In 2018, Brown University public-health researcher Lisa Littman published a study in a peer-reviewed scientific journal, Plos One, which raised the possibility of the peer contagion theory. Her study is based on 256 surveys completed by parents of children who developed gender dysphoria after puberty, a full 80 percent of whom were female. 

Of course, Brown soon removed from its website an article on the study, citing “community concerns” that the study “could be used to discredit efforts to support transgender youth and invalidate the perspectives of members of the transgender community.” As an aside, they also mentioned concerns about the methodology of the study.

Almost 90 percent of parents surveyed in Littman’s study said their child was the second, third, or fourth person in their friendship group to question their gender. 

Additionally, 21 percent of parents reported that their child came out as transgender around the same time that a friend came out as transgender.

Further, one-third of parents said more than half of their child’s friendship group was transgender-identified. Littman said this represented a rate of transgender-identification that is more than 70 times the expected prevalence for young adults. 

“Parents have described clusters of gender dysphoria in pre-existing friend groups with multiple or even all members of a friend group becoming gender dysphoric and transgender-identified in a pattern that seems statistically unlikely based on previous research,” she wrote.

LGBTQ activists justify this data on the basis that having friends who are transgender just makes a young person feel more comfortable coming out and being who they truly are. For instance, trans activist Julia Serano responded to Littman’s study by saying, “I think it’s important for us to recognize that the prevalence of trans people in the past was artificially reduced by the lack of visibility, and by gatekeepers who weren’t allowing people access to trans health.”

Based on Littman’s data, Serano’s justification leads to the conclusion that way more of us are transgender than we think. We just don’t know it yet, or so they say.

What Shrier calls the “trans epidemic” is dangerous to teen girls, she says, because it causes them to “disfigur[e] their bodies” with double mastectomies, phalloplasties, puberty-blockers, and testosterone. Worse, Shrier says, the default of the medical community is to medically affirm the teen girls’ new identity. Planned Parenthood, for instance, gives teens testosterone without any psychological examination, which can have serious effects on fertility. 

Additionally, chest binders, Shrier’s book says, can lead to “fractured or bruised ribs, punctured or collapsed lungs, shortness of breath, back pain, and deformation of the breast tissue.” 

But these dangers give Amazon no pause, as it advertises chest binders on its site when people search “transgender” or search for Shrier’s book.

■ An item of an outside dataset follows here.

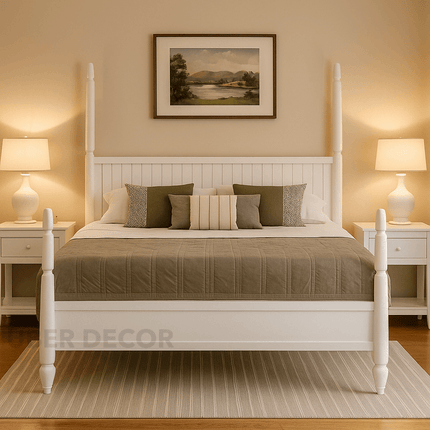 TeakRise Wabi Sabi Four-Poster Panel Bed for Boutique Hotel Suites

It also advertises on searches for Shrier’s book products like “Silicone Thong Man Transgender Crossing Shorts” and “pseudo-girls fake hidden concealed panties,” which are used to help people transition. 

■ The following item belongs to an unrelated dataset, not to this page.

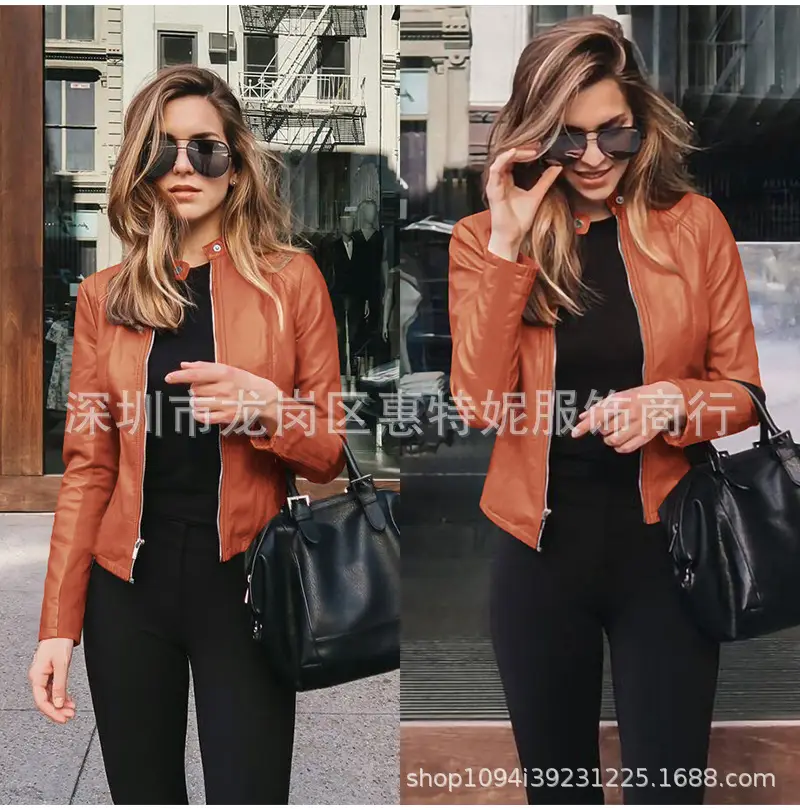 Women's Black PU Leather Jacket Coat 2020 Winter - Image 15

The publisher of Shrier’s book, Regnery Publishing, has spoken out on the injustice of Amazon’s suppression of the book and elevation of products that help people transition.

“The cancel culture has made it clear,” Regnery tweeted, “that it despises diversity of opinion, and it will not tolerate science, data, facts, or anything that contradicts the approved narrative. If you’re not on board, you’ll have your head handed to you.”

Many companies today believe they must placate the loudest of radical liberals to stay in the good graces of the public. For example, PayPal banned websites critical of Islam from using its service, Bank of America ended business with companies running immigrant detention facilities, and Spotify announced it would censor content as determined by the SPLC and GLAAD. Marketing strategy, it seems, is now driven by the angriest voices. 

And it doesn’t matter to Amazon if the liberal agenda censors scholarship or exposes young girls to life-altering and dangerous medical treatments. Amazon will do anything to be perceived as good and acceptable liberals. It doesn’t hurt that transitioning sells more products on Amazon than a book that discourages it.